Ortak Türk alfabesi ve “Cemile”nin buluşturduğu bu tarihi adım, Ulu Bozkırın ruhunun yeniden dirilişidir. Yüzyıllar boyunca atalarımızı bir arada tutan, destanlara, şiirlere ve türkülere ilham olan o engin bozkır ruhu, bugün aynı harflerle yeniden can bulmaktadır. Ortak alfabe, bozkırın ufuk çizgisinde yankılanan bir ses gibi, Türk dünyasının dört bir yanında aynı duyguları, aynı kimliği ve aynı iradeyi haykırmaktadır. Bu ruh, bizi hem köklerimize bağlamakta hem de geleceğe taşımaktadır.
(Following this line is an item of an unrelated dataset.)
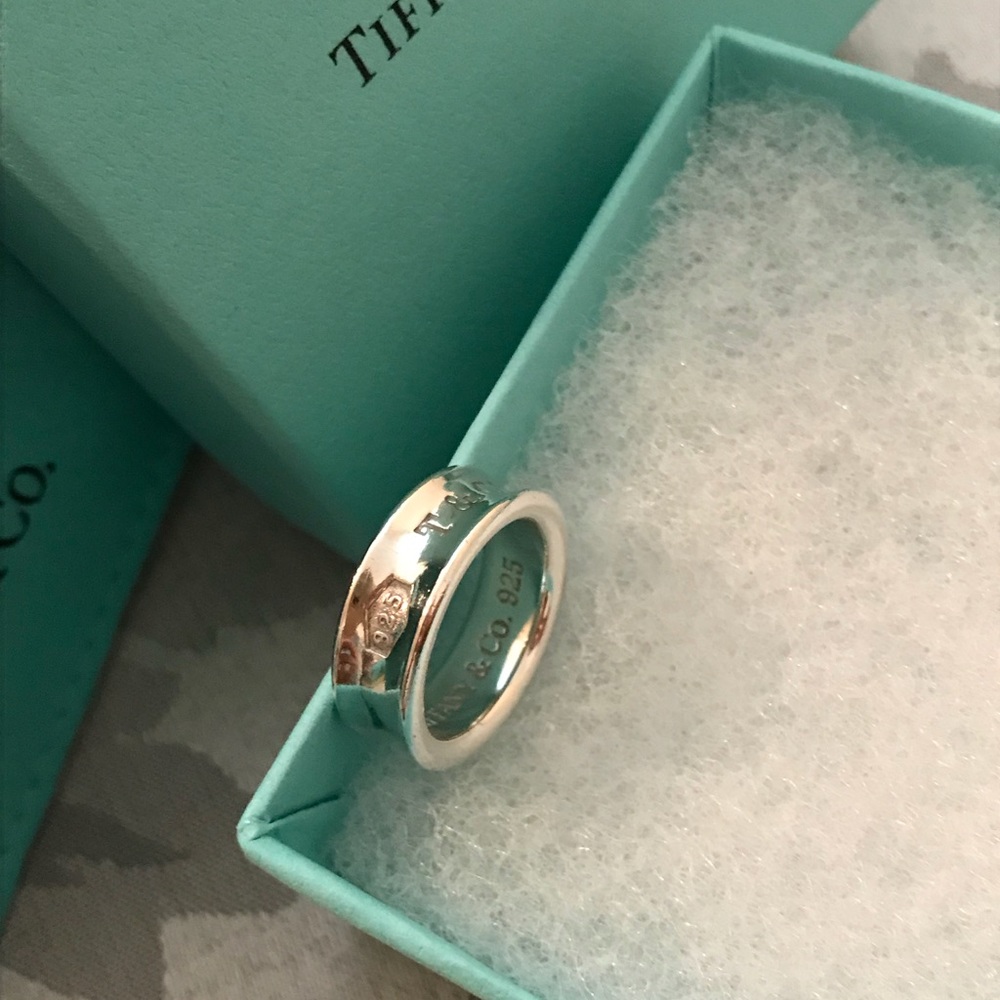 Authentic Tiffany’s ring - Picture 2 of 4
Bu vizyon doğrultusunda, Cengiz Aytmatov Enstitüsü olarak yalnızca edebiyatla değil, sanatın evrensel diliyle de Türk dünyasının birliğini taçlandırıyoruz. Liderimiz Sayın Devlet Bahçeli Beyefendi’nin himayelerinde; “Ulu Bozkırın Ruhu – Türk Dünyası Ressamları Cengiz Aytmatov’u Anıyor” adlı uluslararası resim sergimizin açılışını büyük bir gururla 3 Kasım 2025 tarihinde saat 19.00’da İstanbul Zorlu Performans Sanatları Merkezi’nde (Zorlu PSM) gerçekleştireceğiz.
Bu sergi, yalnızca bir sanat etkinliği değil; gelenek ile geleceğin, söz ile imgenin, kelime ile fırçanın aynı zeminde buluştuğu bir kültür şölenidir. Türk dünyasının seçkin ressamları, Aytmatov’un felsefesini ve eserlerini tuvale taşıyarak Ulu Bozkırın ruhunu yeniden yaşatacaktır. Katılımınızla bu özel etkinlik, sadece bir anma değil; köklerimizdeki ortaklığın sanatla taçlandığı bir kardeşlik şöleni olacaktır.
Sergimiz 3 – 9 Kasım 2025 tarihleri arasında ziyaretçilere açık olacaktır.
“Gün olur, asra bedel” bir gün için…
Biz inanıyoruz ki bu meşale sönmeyecek, Türk dünyasının yolunu aydınlatmaya devam edecektir. Çünkü ortak alfabe yalnızca harfleri değil, kalpleri, kültürleri ve kaderleri birleştirmektedir.
“Ortak Alfabe, Ortak Gelecek! Ortak Gelecek, Büyük Türk Dünyası!”